The relationship between quality of life and personality has been widely studied for other diseases, such as acne [7], psoriasis [37] and skin cancer [38]. Whether the personality traits found in these studies are the cause of the low quality of life or the consequence of the disease condition is a matter to be clarified in future studies. Prospective studies addressing the development of specific personality traits such as TDp over time among patients suffering from skin diseases—as well as among their cohabitants—would be of interest to elucidate this question.

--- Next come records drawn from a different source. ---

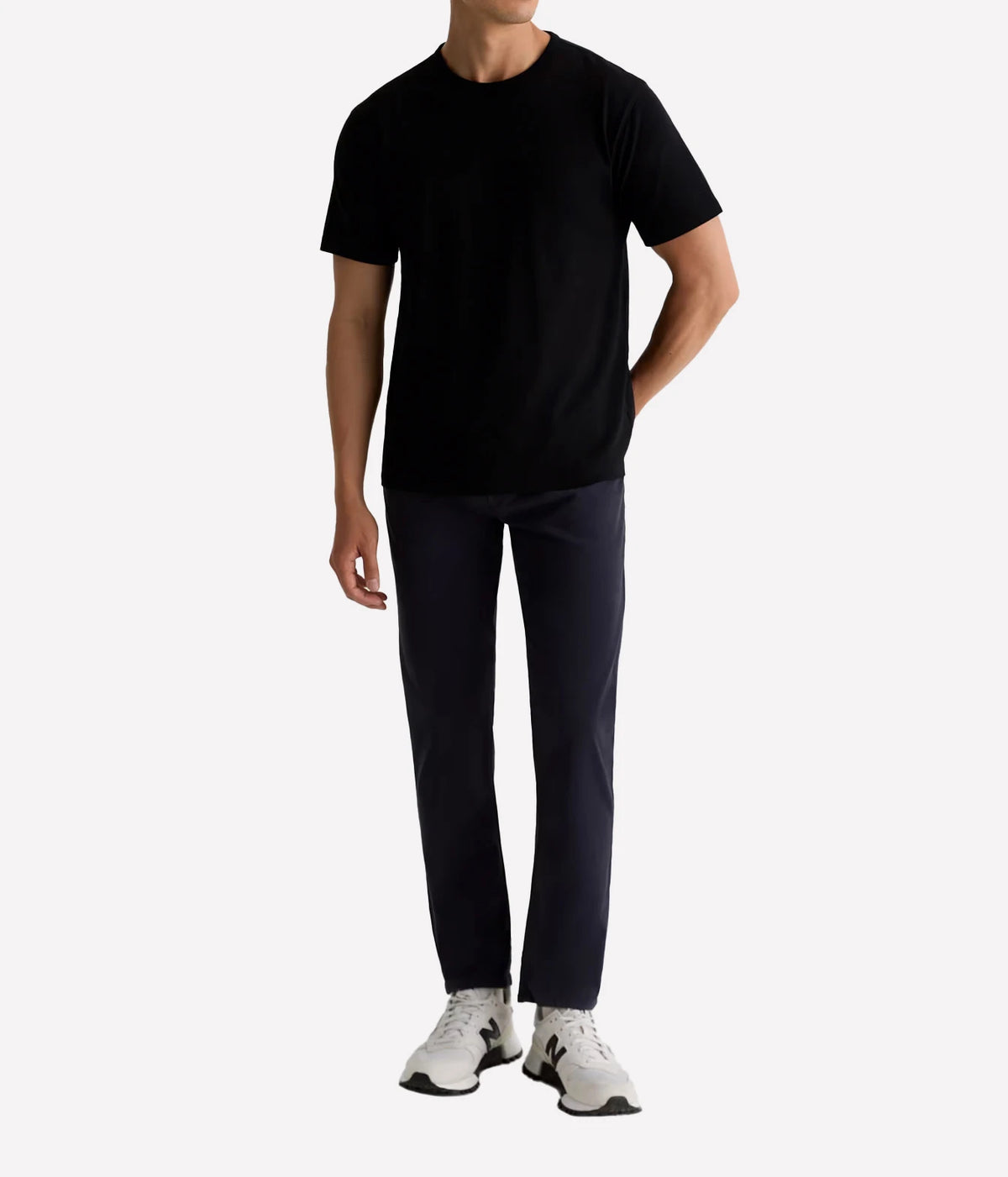 A man wearing a black short-sleeve crewneck t-shirt, dark navy pants, and white sneakers, standing against a light gray studio background.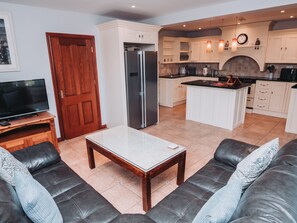 Ein modernes Wohnzimmer mit einer Ledersofa, einem Holztisch, einem Fernseher auf einem Holzständer sowie einer Küche mit weißen Schränken und einer schwarzen Arbeitsplatte.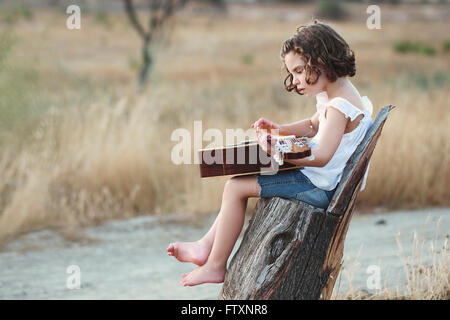 Fille assise dans un champ à jouer de la guitare Banque D'Images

Finally, the relationship between the quality of life of patients and the sexual dysfunction of cohabitants has been explored in the present study. Although no differences were found in terms of validated scales such as FSFI or IIEF, we found correlations between the HRQOL measures (DLQI and CUQOL) and NRS for sexual impairment among the cohabitants. Poor physical health has been consistently associated with sexual dysfunction in the general population [39], whereas the impact of age might be unclear [40]. Studies that include a larger sample size and stratification by age would be of interest to unequivocally identify the relationship between patients’ quality of life and the sexual dysfunction of cohabitants, avoiding confounding biases.

5. Limitations

The main limitations of the present study are: (a) the sample size, which could have limited the detection of significant differences; (b) the cross-sectional design, which makes it impossible to assess causality; and (c) the inclusion of only the patients’ partners, without including other types of cohabitants.

6. Conclusions

CSU seems to have an impact on the quality of life among cohabitants, especially in terms of increased rates of anxiety, poorer quality of life and reduced sexual satisfaction. In addition, the prolonged course of the disease could be associated with substantial changes in the way cohabitants cope with life, increasing the presence of non-adaptative personality traits such as TDp. A holistic approach to this pathology—taking into account not only the patient’s manifestations but also those of the people living with him/her—will improve the medical care of CSU.